It's another Ralph Bakshi TV special and an adaptation of Dr Seuss. It surprised me. For someone whose work is so violently individual, Bakshi's a startlingly faithful adapter and for me this cast new light on what he did with
The Lord of the Rings. This feels like a Dr Seuss book, but in motion. It looks right and feels right. It's preserving all the language, exactly reproducing the art style and sticking so closely to the storyline that it even ends on the same cliffhanger. "THE END (maybe)".
It's been called the most faithful Dr Seuss adaptation. I can believe it. The person who made this claim was Dr Seuss.

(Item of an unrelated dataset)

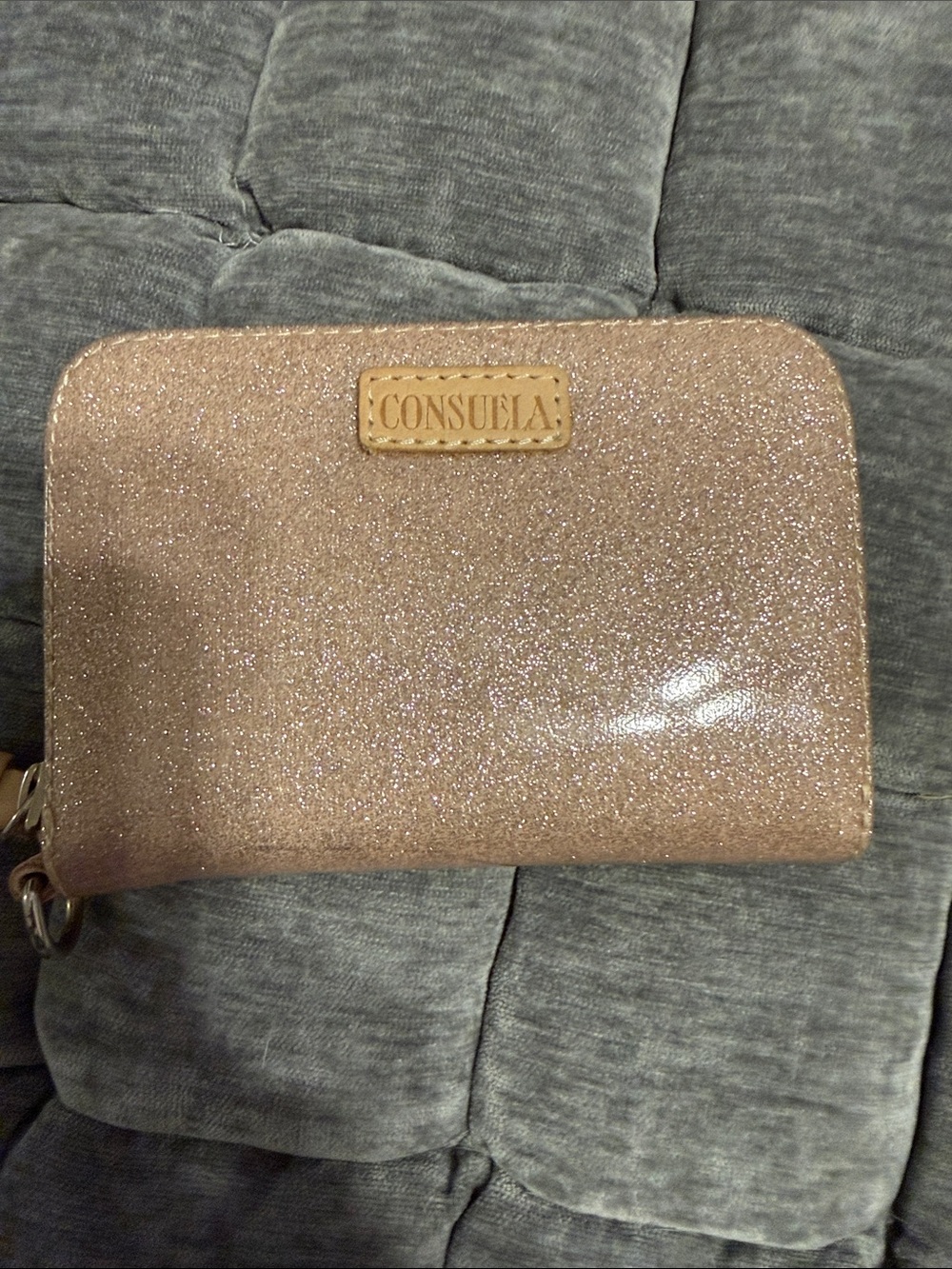 Consuela Emery Glitter Zip Cosmetic Case in Rose Gold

I'll be getting on to the story itself in a moment, but for the moment I'm talking about the animated episode. The art carefully hasn't been cleaned up. It has a slightly hairy line, the kind you'll get when you're doing the original pencils and not the "final cut" inked version. The colours are pastels, not primaries. In other words, the animators are carefully avoiding the choices you might expect, for the sake of fidelity.
I also loved the voice actors. This is almost unknown for me in English-language animation. Normally you're lucky to get away with "I didn't notice them", but here I really enjoyed how the cast used Seuss's poetry. Christopher Latta/Collins is particularly juicy as Chief Yookeroo. No one's coming across as enslaved by the scansion (which is strong with Seuss), but they're respectful of it and preserving it while also bringing it alive and having fun. In a real sense, this kind of poetry is harder to deliver than Shakespeare. Iambic pentameter gives you a lot of freedom, while Seuss's language almost says itself.

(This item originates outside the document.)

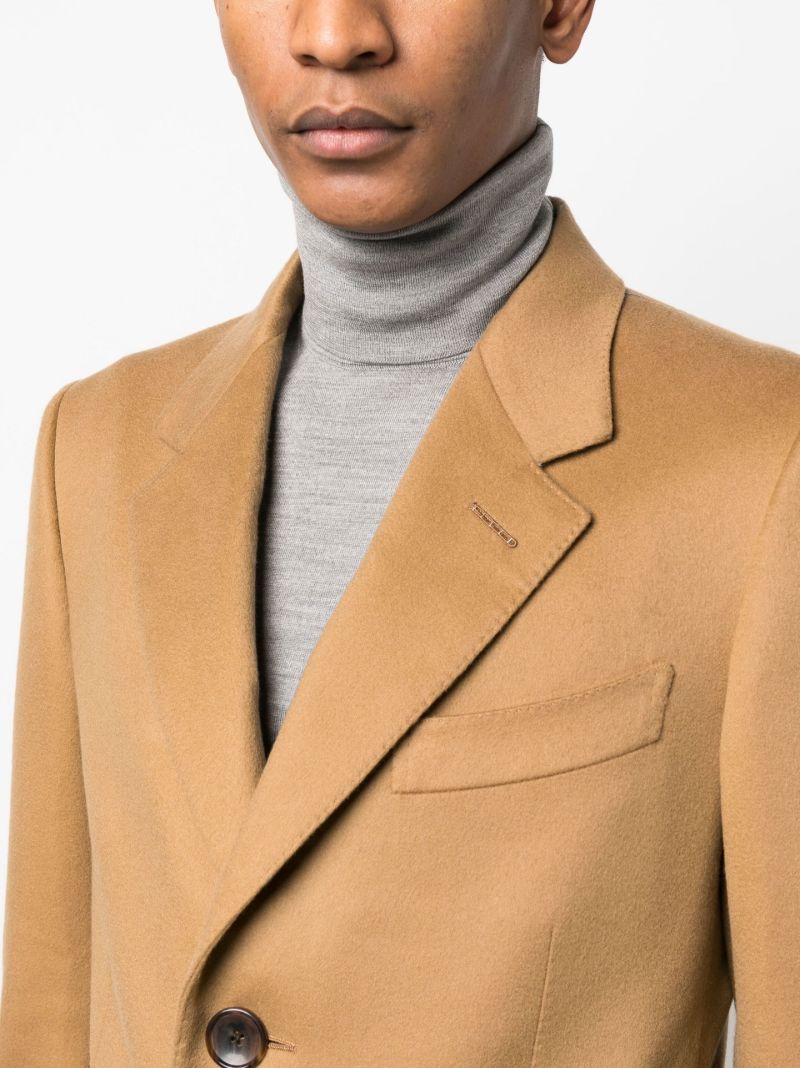 Neutral Single-breasted Cashmere Coat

It's all Seuss, basically. Bakshi is making himself invisible. He's serving his author and getting out of the way. So what about the story?
Answer: that's even more awesome. It's basically a parody of the world.
It's a parable making fun of the Cold War and the arms race, written in 1984. I've seen indignant reviewers who dislike this. The easy ones to dismiss are those who simply think a children's book shouldn't be talking about things like that. Hah. The more sophisticated ones point out that Seuss's frivolous portrayal of the Yooks and Zooks is glossing over the nature of Soviet Russia and thus implying a moral equivalence that could be regarded as almost offensive. This is actually a decent argument, but I think it still fails because it's extrapolating far too much from Seuss's simple satire.
1. The Yooks and Zooks are deadly enemies because they disagree over which side of your bread should be buttered. Jonathan Swift would have loved it.
2. No, that's it.
Everything else follows from premise 1. Seuss never hints that either side might be specifically the USA or the USSR, but instead simply makes fun of idiots. (I have my suspicions that the Zooks might be good at espionage, though.) You see the Yook children being drilled with anti-Zook propaganda at school... and the subversive thing is that their way of doing this is just as believable in an American context as a Soviet one. However what turns all this good stuff into brilliance is the fact that it's extremely funny and has funky Dr Seuss rhyming dialogue.
Yes, the Yooks and the Zooks are being shown as morally equivalent, but that's the point. It's a story about mankind's capacity for picking a fight in an empty room. Anyone arguing that it's wrong to make fun of this needs to take a long, hard look at themselves.
It's perhaps just a smidgin long. The nuclear science song could be argued to have woken me up. I was then slightly disturbed by the sight of our hero walking towards the border with a FIZZING, SPARKING NUCLEAR BOMB IN HIS HAND, but I suspect that's the idea. Besides, they don't actually call it a nuclear bomb. That's me jumping the gun a bit. It looks more like a sparkler that happens to have been made from a ball of chewing gum, so there's no reason to assume that anyone's being fatally irradiated or anything like that. In short, this is brilliant. All children should watch this. It'll teach them about the stupidity of knee-jerk xenophobia... and it'll also be cool and make them laugh. Everyone wins! (Except the Butter Battlers, obviously.)
"We fight the wars that must be fought!"